The team-ups conclude with a selection from twice monthly rotating anthology Marvel Comics Presents, starting with ‘Heads I Win, Tails You Lose’: a jurisdictional clash between Natasha and mercenary antihero Silver Sable from #53 (July 1990) by Fabian Nicieza, Rob Liefeld & Bob Wiacek, and continuing with ‘One into Three Won’t Go!’ (#70, February 1991 by Robert Campanella, Larry Alexander, Jack Abel & Al Milgrom) as the Widow and fellow former Champion Darkstar battle the hyper-irradiated Red Guardian when her master The Presence orders her to capture them for his harem.

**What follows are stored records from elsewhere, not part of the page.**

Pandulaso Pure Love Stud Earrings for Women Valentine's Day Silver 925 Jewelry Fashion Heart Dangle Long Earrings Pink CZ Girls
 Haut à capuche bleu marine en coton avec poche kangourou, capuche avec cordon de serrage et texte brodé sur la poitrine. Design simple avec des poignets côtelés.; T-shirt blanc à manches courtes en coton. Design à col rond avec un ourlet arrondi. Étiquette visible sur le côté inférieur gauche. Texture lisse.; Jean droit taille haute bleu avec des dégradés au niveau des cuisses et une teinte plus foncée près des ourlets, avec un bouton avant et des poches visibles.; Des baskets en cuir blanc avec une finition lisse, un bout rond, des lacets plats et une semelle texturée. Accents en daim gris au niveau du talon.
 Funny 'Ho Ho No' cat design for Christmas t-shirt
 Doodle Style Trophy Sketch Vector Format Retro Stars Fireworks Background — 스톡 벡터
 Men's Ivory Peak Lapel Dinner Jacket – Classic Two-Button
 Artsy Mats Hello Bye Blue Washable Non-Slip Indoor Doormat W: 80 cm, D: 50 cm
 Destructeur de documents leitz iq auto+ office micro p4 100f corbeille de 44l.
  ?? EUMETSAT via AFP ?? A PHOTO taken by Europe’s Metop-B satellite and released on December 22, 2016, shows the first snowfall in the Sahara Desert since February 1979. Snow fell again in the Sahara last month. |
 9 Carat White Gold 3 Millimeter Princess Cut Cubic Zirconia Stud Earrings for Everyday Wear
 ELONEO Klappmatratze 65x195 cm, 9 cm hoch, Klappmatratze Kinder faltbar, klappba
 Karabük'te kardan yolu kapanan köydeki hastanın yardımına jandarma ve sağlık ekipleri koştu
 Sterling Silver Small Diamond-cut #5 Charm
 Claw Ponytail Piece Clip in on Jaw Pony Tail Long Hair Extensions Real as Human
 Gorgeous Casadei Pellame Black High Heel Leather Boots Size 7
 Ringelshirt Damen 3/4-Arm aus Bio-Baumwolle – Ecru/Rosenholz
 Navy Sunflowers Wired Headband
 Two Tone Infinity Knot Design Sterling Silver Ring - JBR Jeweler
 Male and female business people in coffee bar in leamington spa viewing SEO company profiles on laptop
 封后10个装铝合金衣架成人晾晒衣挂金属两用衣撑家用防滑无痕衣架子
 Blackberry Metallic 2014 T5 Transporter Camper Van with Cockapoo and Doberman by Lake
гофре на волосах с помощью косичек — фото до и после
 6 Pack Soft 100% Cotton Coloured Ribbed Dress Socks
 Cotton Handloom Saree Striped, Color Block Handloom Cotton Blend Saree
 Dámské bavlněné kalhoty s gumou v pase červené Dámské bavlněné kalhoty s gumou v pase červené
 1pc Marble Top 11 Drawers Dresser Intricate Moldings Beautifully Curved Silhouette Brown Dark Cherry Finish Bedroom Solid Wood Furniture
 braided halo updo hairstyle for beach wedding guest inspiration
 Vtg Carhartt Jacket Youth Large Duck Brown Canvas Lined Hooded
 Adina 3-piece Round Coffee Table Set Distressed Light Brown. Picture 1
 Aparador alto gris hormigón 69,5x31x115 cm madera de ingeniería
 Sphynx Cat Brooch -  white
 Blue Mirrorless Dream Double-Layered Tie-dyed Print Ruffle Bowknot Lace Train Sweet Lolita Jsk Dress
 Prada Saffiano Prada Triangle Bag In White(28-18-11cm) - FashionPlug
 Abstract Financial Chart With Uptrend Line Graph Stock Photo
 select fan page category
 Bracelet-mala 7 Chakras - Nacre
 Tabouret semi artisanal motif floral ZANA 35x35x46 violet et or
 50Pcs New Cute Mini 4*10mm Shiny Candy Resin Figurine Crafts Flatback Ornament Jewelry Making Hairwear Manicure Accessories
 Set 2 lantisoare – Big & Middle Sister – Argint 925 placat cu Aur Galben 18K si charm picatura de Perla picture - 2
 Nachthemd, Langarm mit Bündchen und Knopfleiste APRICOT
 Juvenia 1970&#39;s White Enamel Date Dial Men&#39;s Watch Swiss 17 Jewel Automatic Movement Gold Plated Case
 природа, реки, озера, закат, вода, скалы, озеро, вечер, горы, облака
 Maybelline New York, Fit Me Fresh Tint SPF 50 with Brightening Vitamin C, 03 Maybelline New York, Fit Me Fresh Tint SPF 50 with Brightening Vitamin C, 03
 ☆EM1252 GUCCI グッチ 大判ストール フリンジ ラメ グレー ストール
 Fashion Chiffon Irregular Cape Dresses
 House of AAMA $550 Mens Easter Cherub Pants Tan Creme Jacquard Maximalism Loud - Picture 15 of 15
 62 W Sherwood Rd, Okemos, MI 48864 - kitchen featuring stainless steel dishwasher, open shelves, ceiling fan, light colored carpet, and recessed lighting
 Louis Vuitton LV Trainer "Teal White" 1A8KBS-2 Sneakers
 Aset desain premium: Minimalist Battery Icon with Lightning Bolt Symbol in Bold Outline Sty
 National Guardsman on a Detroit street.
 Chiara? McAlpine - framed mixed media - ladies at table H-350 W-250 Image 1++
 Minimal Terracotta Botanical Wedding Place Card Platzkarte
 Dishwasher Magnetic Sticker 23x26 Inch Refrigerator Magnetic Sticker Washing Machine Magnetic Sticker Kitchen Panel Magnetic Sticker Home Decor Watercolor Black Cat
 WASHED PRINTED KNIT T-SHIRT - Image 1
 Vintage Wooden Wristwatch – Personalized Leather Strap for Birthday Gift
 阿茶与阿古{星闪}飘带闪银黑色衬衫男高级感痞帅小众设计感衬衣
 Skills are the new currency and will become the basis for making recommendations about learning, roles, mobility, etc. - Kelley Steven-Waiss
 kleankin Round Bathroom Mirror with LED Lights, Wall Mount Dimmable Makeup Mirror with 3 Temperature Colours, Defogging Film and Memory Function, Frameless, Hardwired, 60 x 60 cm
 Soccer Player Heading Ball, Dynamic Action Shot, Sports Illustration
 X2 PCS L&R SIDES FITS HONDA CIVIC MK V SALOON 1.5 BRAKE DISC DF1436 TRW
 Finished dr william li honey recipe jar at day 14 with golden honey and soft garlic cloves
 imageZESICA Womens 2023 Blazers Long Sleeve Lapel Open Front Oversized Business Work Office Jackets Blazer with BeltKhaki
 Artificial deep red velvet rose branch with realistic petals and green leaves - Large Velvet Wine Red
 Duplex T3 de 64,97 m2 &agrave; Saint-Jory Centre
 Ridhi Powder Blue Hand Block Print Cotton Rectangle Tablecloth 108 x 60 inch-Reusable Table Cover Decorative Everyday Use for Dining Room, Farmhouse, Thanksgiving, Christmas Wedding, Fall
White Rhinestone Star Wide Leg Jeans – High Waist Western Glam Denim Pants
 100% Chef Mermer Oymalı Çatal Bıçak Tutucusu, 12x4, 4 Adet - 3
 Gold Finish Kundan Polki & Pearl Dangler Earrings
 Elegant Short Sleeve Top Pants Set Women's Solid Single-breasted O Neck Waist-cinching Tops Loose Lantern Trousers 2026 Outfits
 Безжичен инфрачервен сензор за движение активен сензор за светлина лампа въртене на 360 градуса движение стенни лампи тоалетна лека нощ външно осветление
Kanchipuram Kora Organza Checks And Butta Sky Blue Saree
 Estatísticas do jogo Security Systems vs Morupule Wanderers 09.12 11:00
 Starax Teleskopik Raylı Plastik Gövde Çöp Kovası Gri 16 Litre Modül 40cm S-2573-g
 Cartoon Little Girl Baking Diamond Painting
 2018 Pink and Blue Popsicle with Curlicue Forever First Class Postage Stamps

Their valiant resistance inspires Tania Belinskaya to overthrow her own mental shackles and transform into new hero Starlight before this collection closes with an early outing for superstar scripter Dan Slott & artist Dwayne Turner who end the ultra-espionage alliances with a ‘Split Seconds’ reunion for the Widow and Daredevil from MCP #93, battling Hydra goons and deactivating deadly booby traps in a midtown building.

The book’s bonus section offers original art from Meugniot & Patterson; Frenz & Esposito and cover-art by Ed Hannigan & Klaus Janson, plus data pages of Black Widow and her weapons and gear from the Official Handbook of the Marvel Universe and a painted cover by Al Milgrom.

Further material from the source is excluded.